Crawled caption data
------------------------

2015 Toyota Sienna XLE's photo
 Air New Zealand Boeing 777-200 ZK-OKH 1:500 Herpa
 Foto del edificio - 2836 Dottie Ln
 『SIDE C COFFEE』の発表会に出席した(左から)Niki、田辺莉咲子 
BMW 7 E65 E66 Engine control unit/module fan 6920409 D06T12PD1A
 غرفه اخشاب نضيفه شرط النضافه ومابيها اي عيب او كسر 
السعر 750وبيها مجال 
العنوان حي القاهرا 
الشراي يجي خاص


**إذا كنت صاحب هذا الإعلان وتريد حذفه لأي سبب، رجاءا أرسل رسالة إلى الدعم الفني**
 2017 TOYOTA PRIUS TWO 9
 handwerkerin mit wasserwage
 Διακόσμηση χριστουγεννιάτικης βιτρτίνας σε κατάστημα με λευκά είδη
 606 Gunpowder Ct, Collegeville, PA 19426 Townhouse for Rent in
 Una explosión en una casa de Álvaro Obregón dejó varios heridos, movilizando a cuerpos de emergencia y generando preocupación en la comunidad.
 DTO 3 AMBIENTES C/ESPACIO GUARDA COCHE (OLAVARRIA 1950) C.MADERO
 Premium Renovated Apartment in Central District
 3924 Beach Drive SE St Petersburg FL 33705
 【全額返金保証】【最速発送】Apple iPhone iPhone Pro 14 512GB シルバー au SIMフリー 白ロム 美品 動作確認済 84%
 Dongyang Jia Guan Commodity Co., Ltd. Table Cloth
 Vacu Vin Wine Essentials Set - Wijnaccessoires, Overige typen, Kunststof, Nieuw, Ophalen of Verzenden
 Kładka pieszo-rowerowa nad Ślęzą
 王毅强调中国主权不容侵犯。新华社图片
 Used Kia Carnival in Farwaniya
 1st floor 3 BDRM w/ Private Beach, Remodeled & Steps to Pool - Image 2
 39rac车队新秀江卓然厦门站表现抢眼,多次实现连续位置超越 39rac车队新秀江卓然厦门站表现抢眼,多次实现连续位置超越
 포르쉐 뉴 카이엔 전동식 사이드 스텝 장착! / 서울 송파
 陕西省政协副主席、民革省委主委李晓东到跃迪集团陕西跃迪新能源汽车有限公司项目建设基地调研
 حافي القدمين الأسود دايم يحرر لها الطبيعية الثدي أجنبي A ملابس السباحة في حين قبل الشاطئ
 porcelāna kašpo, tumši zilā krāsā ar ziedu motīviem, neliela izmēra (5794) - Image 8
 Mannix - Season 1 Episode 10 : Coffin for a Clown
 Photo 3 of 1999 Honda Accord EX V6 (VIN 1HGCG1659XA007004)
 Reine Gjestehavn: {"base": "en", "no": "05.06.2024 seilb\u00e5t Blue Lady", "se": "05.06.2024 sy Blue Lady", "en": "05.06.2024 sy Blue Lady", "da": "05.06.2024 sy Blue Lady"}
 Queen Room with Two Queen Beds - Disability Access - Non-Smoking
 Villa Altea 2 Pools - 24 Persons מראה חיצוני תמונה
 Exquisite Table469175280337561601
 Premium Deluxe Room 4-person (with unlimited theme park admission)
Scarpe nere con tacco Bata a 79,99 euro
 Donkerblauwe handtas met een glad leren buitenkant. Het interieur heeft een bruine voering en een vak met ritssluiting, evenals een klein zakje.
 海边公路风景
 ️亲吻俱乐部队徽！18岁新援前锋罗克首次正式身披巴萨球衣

------------------------

TASK GOAL - Take the lines from the one containing "Villa Altea 2" through the final line of the entries above, and set them down exactly, with nothing added.

TASK RESULT -
 Villa Altea 2 Pools - 24 Persons מראה חיצוני תמונה
 Exquisite Table469175280337561601
 Premium Deluxe Room 4-person (with unlimited theme park admission)
Scarpe nere con tacco Bata a 79,99 euro
 Donkerblauwe handtas met een glad leren buitenkant. Het interieur heeft een bruine voering en een vak met ritssluiting, evenals een klein zakje.
 海边公路风景
 ️亲吻俱乐部队徽！18岁新援前锋罗克首次正式身披巴萨球衣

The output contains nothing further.